The City scheduled the deposition of Beach Cities' custodian of records but, recognizing the custodian would assert the same Fifth Amendment claims as Lambert, the parties stipulated to forego the deposition pending resolution of their dispute about the validity of the Fifth Amendment claim. The City continued to assert Beach Cities was required to produce Lambert and its records custodian to fully respond at their depositions and produce requested documents. Thus, the parties in essence stipulated to postpone the custodian's deposition until the trial court ruled on the City's motion to compel his appearance or granted the City's sanction request.

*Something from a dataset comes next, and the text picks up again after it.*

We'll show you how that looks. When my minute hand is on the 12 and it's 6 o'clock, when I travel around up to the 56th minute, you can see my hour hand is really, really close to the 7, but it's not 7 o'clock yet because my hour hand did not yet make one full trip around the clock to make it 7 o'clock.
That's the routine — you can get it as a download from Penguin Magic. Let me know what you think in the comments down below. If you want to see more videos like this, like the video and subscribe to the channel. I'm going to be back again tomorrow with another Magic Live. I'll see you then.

The day after the parties' stipulation, the City moved for summary judgment or, in the alternative, summary adjudication. The City asserted it was entitled to judgment as a matter of law on its first and second causes of action, nuisance abatement (§ 11570) and public nuisance (Civ. Code, §§ 3479, 3480), because there was no dispute Beach Cities distributed marijuana and Beach Cities "fail[ed] to produce any evidence . . . in support of the[] only possible affirmative defense," i.e., compliance with state medical marijuana law. The City also asserted Beach Cities' undisputed distribution of marijuana entitled the City to judgment on its third cause of action, public nuisance for violation of its zoning laws. Specifically, City zoning law impliedly banned dispensaries by not recognizing them as a permitted use. Additionally, the City also relied on zoning law banning otherwise unlawful uses of property, including Beach Cities' Health and Safety Code narcotics violations based on its failure to demonstrate its marijuana distribution complied with state medical marijuana law.

We recently held such total local bans on a medical marijuana dispensary function are preempted by state law. (Evergreen, supra, 203 Cal.App.4th 1413.) Consequently, Dana Point was not entitled to judgment as a matter of law based on its total ban.

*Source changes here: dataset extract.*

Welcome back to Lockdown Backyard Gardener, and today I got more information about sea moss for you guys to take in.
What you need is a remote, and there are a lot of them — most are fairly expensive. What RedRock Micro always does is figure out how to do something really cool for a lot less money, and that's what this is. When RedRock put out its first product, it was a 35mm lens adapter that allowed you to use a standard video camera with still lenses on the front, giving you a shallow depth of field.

Based on these first three causes of action, the City asserted it was entitled to judgment on its fourth cause of action for unfair business practices, and entitled to a permanent injunction enjoining Beach Cities and Lambert from distributing marijuana at the Beach Cities location or anywhere in the City. The City asserted in a footnote in its summary judgment motion that it was entitled on its fourth cause of action to civil penalties, citing Business and Professions Code section 17206. The City expressly limited its claim to a maximum of $750,000 in civil penalties, calculated on a $2,500 per-day penalty assessment for 300 days. The City asserted Beach Cities operated illegally for more than 300 days, but "stipulate[d] . . . for purposes of summary judgment" to the 300-day figure.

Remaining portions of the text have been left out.